Der ungarische Autor György Dalos registriert die Zeichen des Verfalls der Sowjetunion. Damit begann "Das Ende der Diktaturen in Osteuropa" - so der Untertitel seines Buches "Der Vorhang geht auf". Es war nicht nur die Überalterung der Führungseliten, die den Niedergang des sowjetischen Imperiums anzeigte: der Krieg in Afghanistan, die Reaktorkatastrophe von Tschernobyl, das Wettrüsten mit der NATO beschleunigten den Zerfall.

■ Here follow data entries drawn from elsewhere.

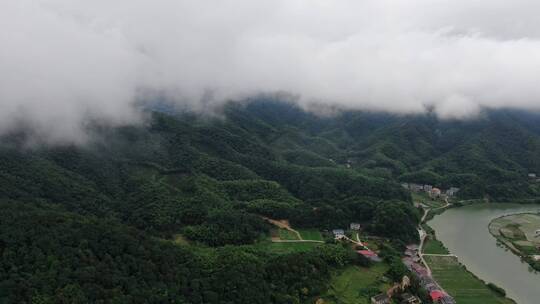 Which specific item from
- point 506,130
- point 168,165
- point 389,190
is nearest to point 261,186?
point 168,165

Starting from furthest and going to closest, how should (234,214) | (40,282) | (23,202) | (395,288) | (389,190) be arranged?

Michail Gorbatschow, der als Mittfünfziger den greisen Tschernenko beerbte, stand einem System vor, das auch die Krise in den Satellitenstaaten nicht länger steuern konnte und wollte - weder ökonomisch noch politisch.

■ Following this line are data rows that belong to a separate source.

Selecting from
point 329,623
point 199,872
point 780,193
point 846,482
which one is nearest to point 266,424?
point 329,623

"Die Sowjetunion hat sich eindeutig übernommen und außerdem waren diese Länder zunehmend eine Quelle von Problemen; einige, weil ihre Führung sowjetischer sein wollte als die Sowjets selbst, andere, weil sie zu wenig sowjetisch waren."
György Dalos ist Schriftsteller und Historiker. Er hat in Moskau die Universität besucht, heute lebt er in Berlin. Die Schattenseiten des "realexistierenden Sozialismus" studierte Dalos als demokratischer Oppositioneller in den 70er- und 80er-Jahren in Ungarn: ein gelernter Dissident mit besten Kontakten zu Gesinnungsgenossen in ganz Osteuropa. Wer also wäre berufener, die Auflösung der Sowjetunion und des Warschauer Paktes zu analysieren? Dalos beschreibt die Jahre der Wende von Polen bis Rumänien mit reicher Faktenkenntnis - und: mit leiser Ironie. So zum Beispiel, wenn er die politische Bedeutung der katholischen Kirche in Polen skizziert.

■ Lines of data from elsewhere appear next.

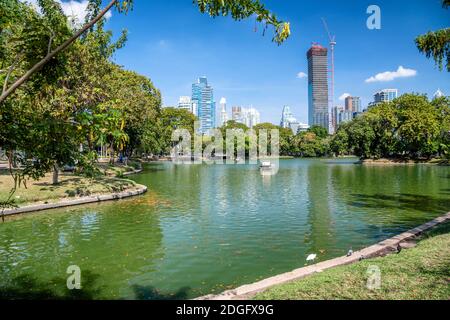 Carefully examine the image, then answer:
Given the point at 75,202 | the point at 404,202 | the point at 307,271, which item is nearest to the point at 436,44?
the point at 404,202

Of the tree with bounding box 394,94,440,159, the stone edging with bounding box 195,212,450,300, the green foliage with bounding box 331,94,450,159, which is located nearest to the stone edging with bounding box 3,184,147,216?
the stone edging with bounding box 195,212,450,300

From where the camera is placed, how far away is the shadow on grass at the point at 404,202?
22938 mm

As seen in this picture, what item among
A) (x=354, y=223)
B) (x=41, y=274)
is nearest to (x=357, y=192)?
(x=354, y=223)

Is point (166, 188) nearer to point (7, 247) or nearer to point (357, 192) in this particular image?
point (357, 192)

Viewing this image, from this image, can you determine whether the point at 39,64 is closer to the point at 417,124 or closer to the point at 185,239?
the point at 185,239

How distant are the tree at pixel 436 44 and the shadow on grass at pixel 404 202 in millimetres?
8795

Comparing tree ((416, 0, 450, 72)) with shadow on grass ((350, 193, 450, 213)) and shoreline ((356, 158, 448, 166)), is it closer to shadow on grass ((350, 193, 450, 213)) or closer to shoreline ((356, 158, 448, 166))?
shadow on grass ((350, 193, 450, 213))

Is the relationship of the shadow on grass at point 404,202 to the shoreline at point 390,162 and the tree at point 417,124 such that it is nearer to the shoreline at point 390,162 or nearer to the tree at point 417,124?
the tree at point 417,124

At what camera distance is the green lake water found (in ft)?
36.1

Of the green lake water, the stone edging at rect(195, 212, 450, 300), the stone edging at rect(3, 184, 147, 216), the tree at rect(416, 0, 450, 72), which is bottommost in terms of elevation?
the green lake water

"Dass die Kirche in Polen diese ausgleichende Rolle zwischen der Partei und der Bevölkerung spielte, war natürlich einem eklatanten Widerspruch zu verdanken. Die Kommunisten hatten auch das Paradies der Bevölkerung versprochen, aber es war sehr leicht zu prüfen, ob das Paradies schon eingetreten war, während das Paradiesversprechen der Kirche weniger kontrollierbar war."
Der legendäre "runde Tisch", Modell des Machtwechsels in ganz Osteuropa, wurde in Warschau schon 1988 in Auftrag gegeben. Die Manufaktur Henrykòw, die auch für den polnischen Papst arbeitete, fertigte dieses Möbel stilvoll nebst 58 Stühlen. Darauf hatten alle gesellschaftlich relevanten Kräfte Platz - von den Vertretern der Kommunisten und der katholischen Kirche bis zu Solidarnosc. Der Tisch war nicht nur ein Symbol, sondern bildete ganz konkret die Teilung der Macht für eine Übergangszeit ab.
"Die Polen waren die Ersten, die aufgrund ihrer ständigen Krisen verstanden hatten, dass ohne die Nichtkommunisten in diesem Land nichts zu machen ist. Sie wollten diesen konsultativen Rat zusammentrommeln, damit nicht die Opposition einen anderen Rat zustande bringt. Das heißt, es ging nicht mehr um irgendwelche Reformkommunisten, sondern die Macht sprach mit der Opposition."
Für die stilsichere Vorbereitung solcher Gespräche blieb in der DDR keine Zeit. Als Egon Krenz, der Nachfolger Honeckers, Anfang November 1989 in Moskau bei Gorbatschow um brüderliche Hilfe einkam, war in Ostberlin und Leipzig schon landunter.
"Und er sagt Gorbatschow: 'Schließlich sind wir kein beliebiges sozialistisches Land, sondern Kind der Sowjetunion. Und ein anständiger Mann muss die Vaterschaft anerkennen oder zumindest den Vaternamen dem Kind geben.' Worauf Gorbatschow lachte und sagte: 'Die DDR muss ihre Probleme mit der Bundesrepublik lösen.' Und das Schicksal der DDR war schon zwei Tage später einfach besiegelt."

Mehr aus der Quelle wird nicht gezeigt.